Vibrotactile alerts are widely studied and implemented in today’s user interfaces, especially in environments saturated with visual and auditory information, such as transportation. However, designing vibrotactile alerting systems is challenging due to the research literature being siloed and inconsistent, as well as the lack of available models for predicting user response performance. This dissertation describes steps taken to address these two research gaps through 1) a scoping literature review of unimodal vibrotactile alerts and 2) a study to evaluate the predictive performance of the established noticing-saliency-effort-expectancy-value (N-SEEV) model with a novel tactile module, which involved a human-subjects experiment in a simulated driving environment. Research findings from the review suggest that ground transportation research has significantly influenced the designs of vibrotactile alerts. Future systematic literature reviews with meta-analyses and further research studies are proposed to support identifying universal design principles by first building knowledge in application domains other than transportation. A reporting items standard is also recommended with foundational guidance for the most important alert parameters, including frequency, duration, and intensity, to address the prevalent absence of information needed for replicating reported alert designs. The N-SEEV model showed promise in visual-only conditions; thus, further evaluation in the driving context is recommended.
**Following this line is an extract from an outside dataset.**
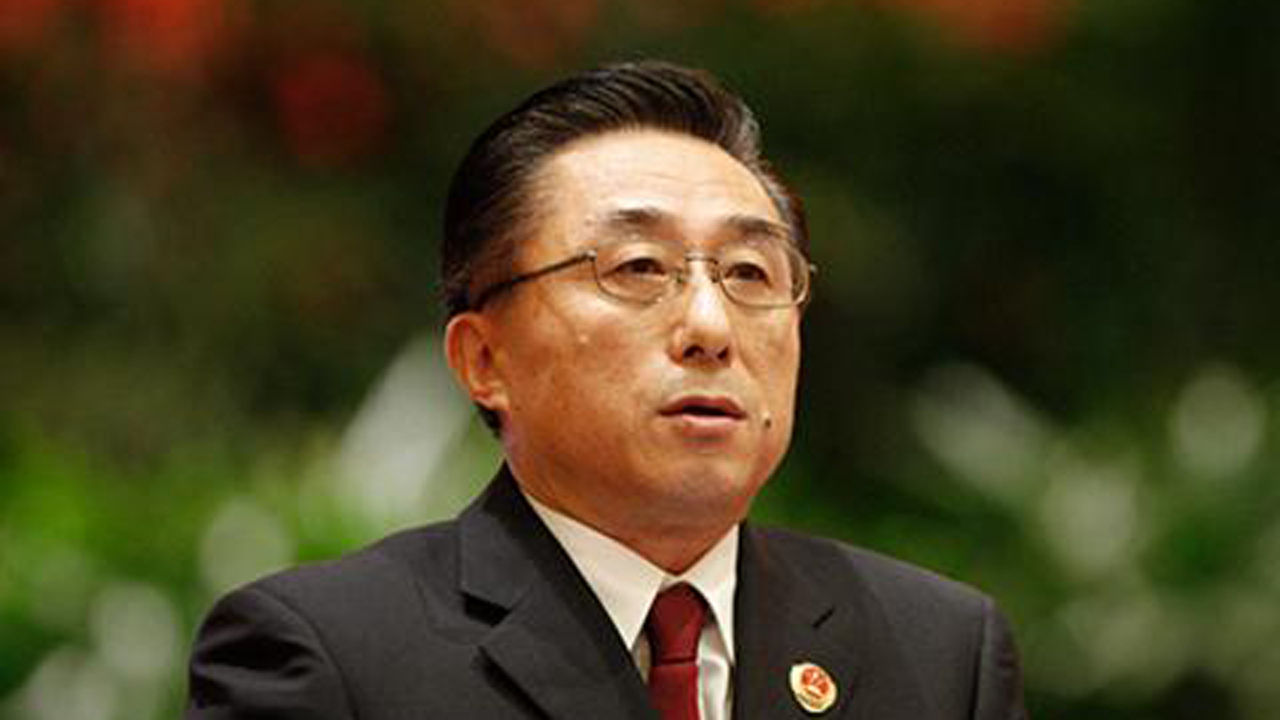 [취재파일] 中 사법 부패호랑이 잡았지만…살인 사건은 봉인?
The tactile module, however, was unable to accurately predict noticing time with vibrotactile alerts. Therefore, guidance for future parameters, noticing metrics, and model structures was outlined. Overall, results from this dissertation can be used to guide the design of future vibrotactile alerting systems, as well as the development of human performance models to predict response time and accuracy to those alerts.

BIOGRAPHY

James Parkinson is a Ph.D. candidate in the Edwardson School of Industrial Engineering at Purdue University. He earned his B.S. in Industrial Engineering from Purdue University. His research focuses on improving the design of alerting systems in surface transportation and other contexts.